Update: Cody Wilson contacted TechCrunch to explain that his company, Defense Distributed, does use Shopify as an ecommerce platform for GhostGunner, but not as a payments processor. It follows that Hatreon is not using Shopify but some other payments processor. It was my mistake to conflate the two and make that connection.

Despite these technical and financial problems, this is an active funding engine for hate speech — not illegal, and illegal for the government to restrict, but also demonstrably a purpose which some privately run platforms choose not to support.

MailChimp, for instance, was alerted to Hatreon’s use of its services, and although the company told me that it doesn’t comment on individual accounts, it also noted that it will take no part in promoting hateful content. That seems clear enough.

Also among those platforms is Cloudflare; because founder and CEO Matthew Prince previously took a controversial stand in essentially personally kicking Daily Stormer off the service, I asked him for more information on the company’s next move here, if any. Although he has been outspoken on this in the past, I received a response from the company’s communications team with the following statement:

Cloudflare doesn’t comment on specific customers but is aware of concerns that have been raised over some sites on our network. One clarification: Cloudflare is not the host of any website. Cloudflare is a network that provides performance and security services to more than 7 million domains. Cloudflare terminating any user would not remove their content from the Internet, it would simply make a site slower and more vulnerable to attack.

In regards to the Daily Stormer, Cloudflare has been clear that this decision did not set a precedent for the company. That said, Cloudflare will respond to valid court process and work with law enforcement in any investigations.

Indeed, Prince did regret in some ways his decision regarding the Daily Stormer, saying that “We didn’t just wake up and make some capricious decision, but we could have and that’s terrifying.” He called for a better process for this kind of thing, and for now that process doesn’t involve Cloudflare ceasing to provide services to sites like Hatreon.

Somewhat tangentially, I also contacted Patreon over whether the company would be pursuing some kind of action against Hatreon for what is almost certainly a trademark violation — the company would not confirm or deny it. But one has to imagine that if the hate site were to gain any real traction, a lawsuit or at the very least a cease and desist would not be long in coming.

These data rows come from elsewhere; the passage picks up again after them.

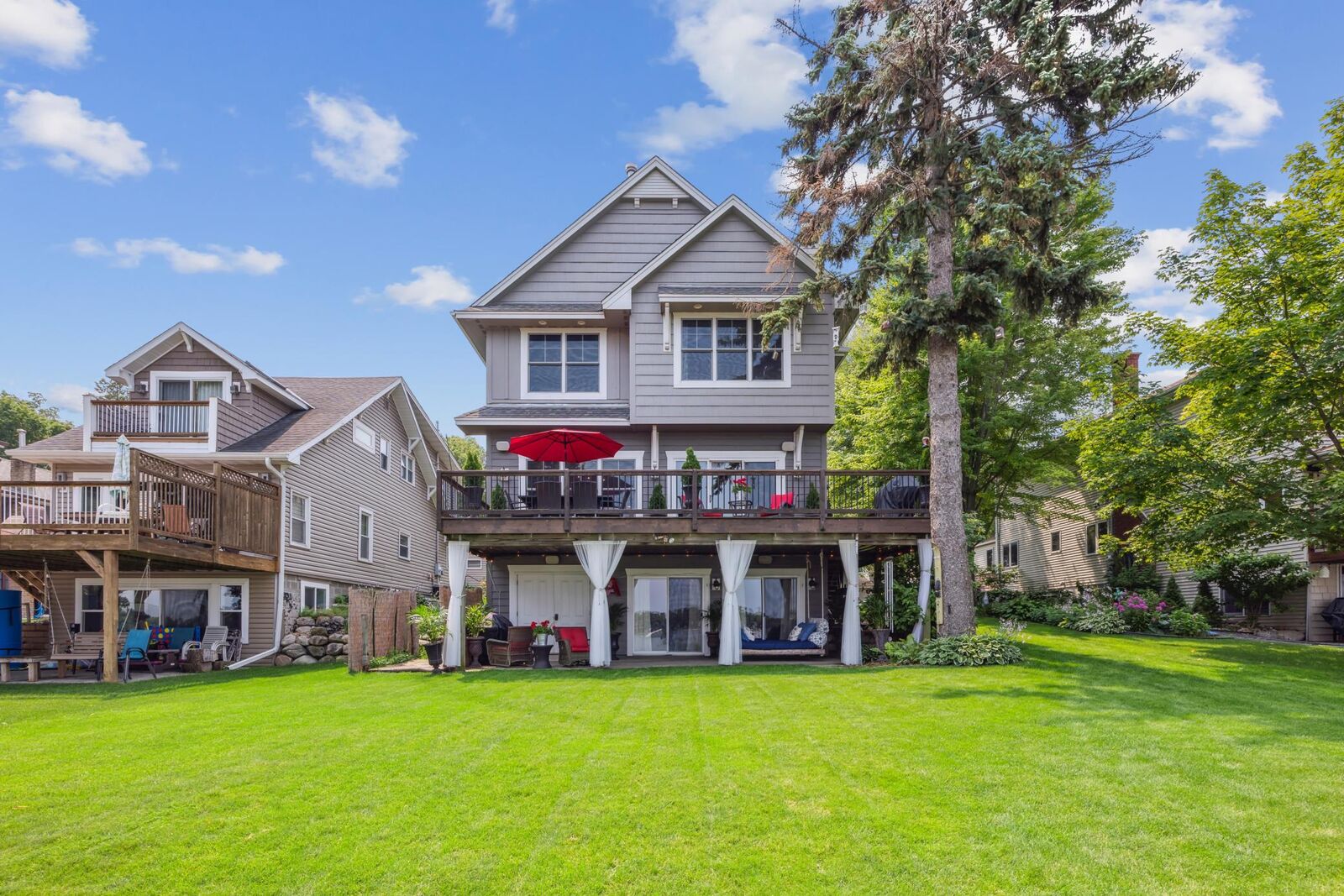 Property Photo:  5060 Edgewater Drive  MN 55364 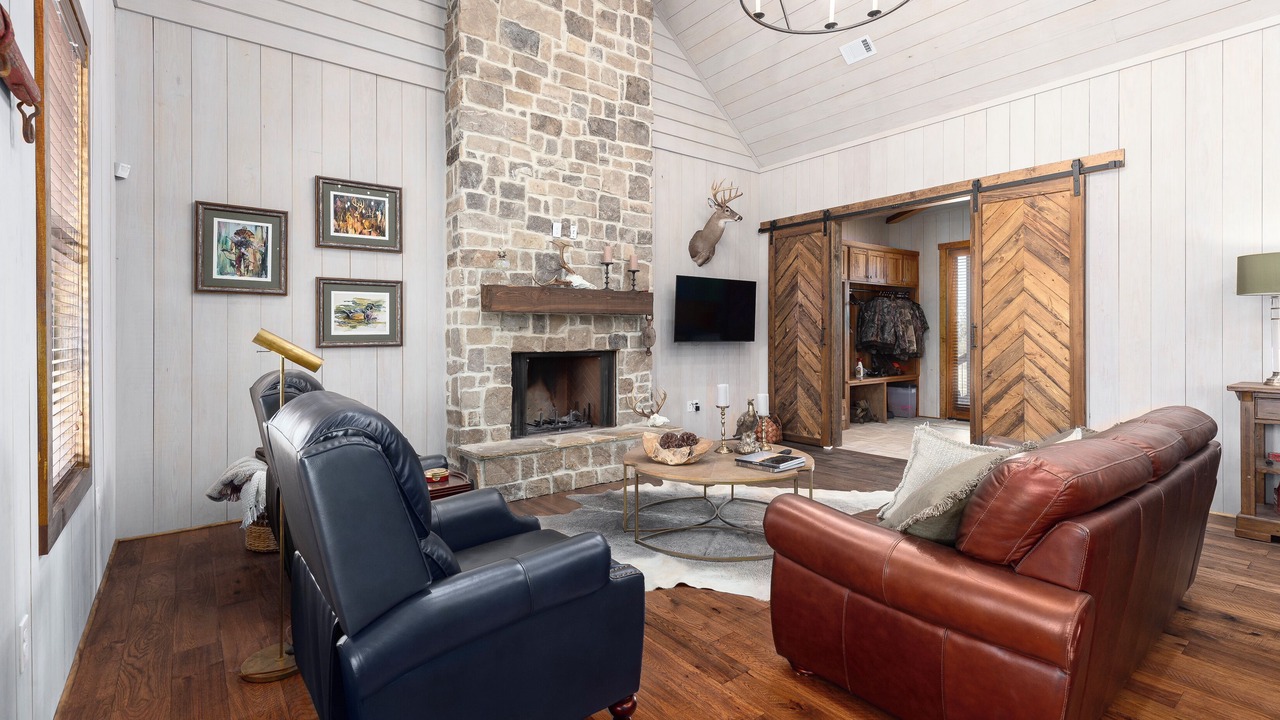 Photo of Livingroom in Union Springs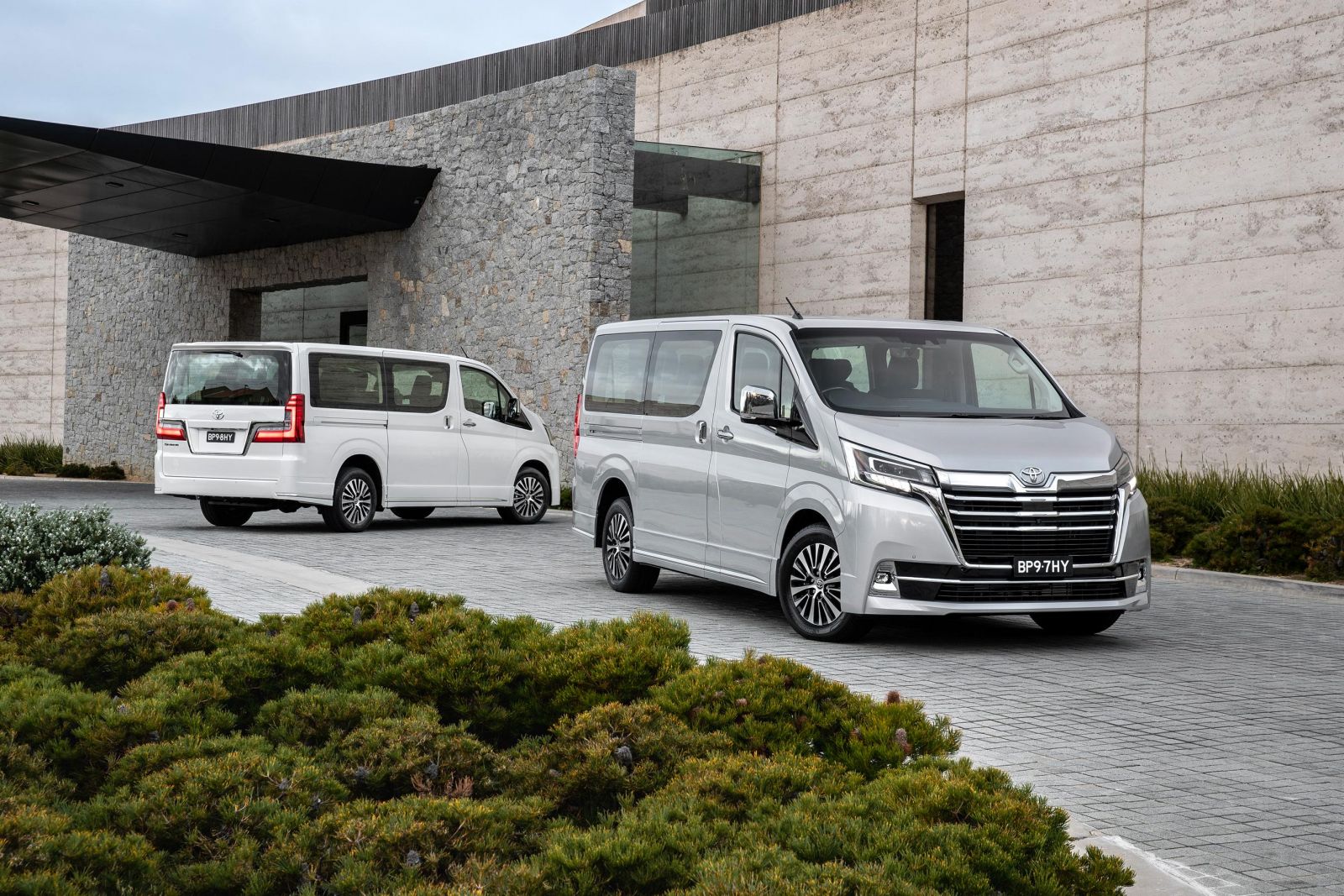 Price and specifications Toyota Granvia 2023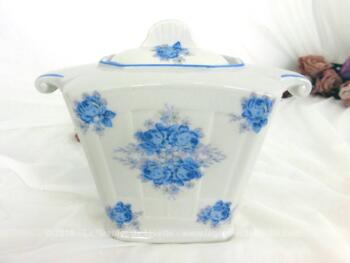 Dans le style Art Nouveau, voici un ancien sucrier aux fleurs bleues. Il est en porcelaine estampillée "Modèle UF France".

The web is a hostile place in some ways for the likes of Hatreon and the Daily Stormer, but there’s just enough room at the very edges that, with some careful maneuvering, they can still find their way online. There is, after all, great demand for what they offer. Fortunately, these sites and services are still as good as radioactive to the platforms necessary to enable them at scale, because those platforms are often founded on progressive principles and generally decline to do business with Nazis. Hatreon and its ilk were intended to sidestep those platforms and principles, but as you can see, it’s harder than they thought it would be.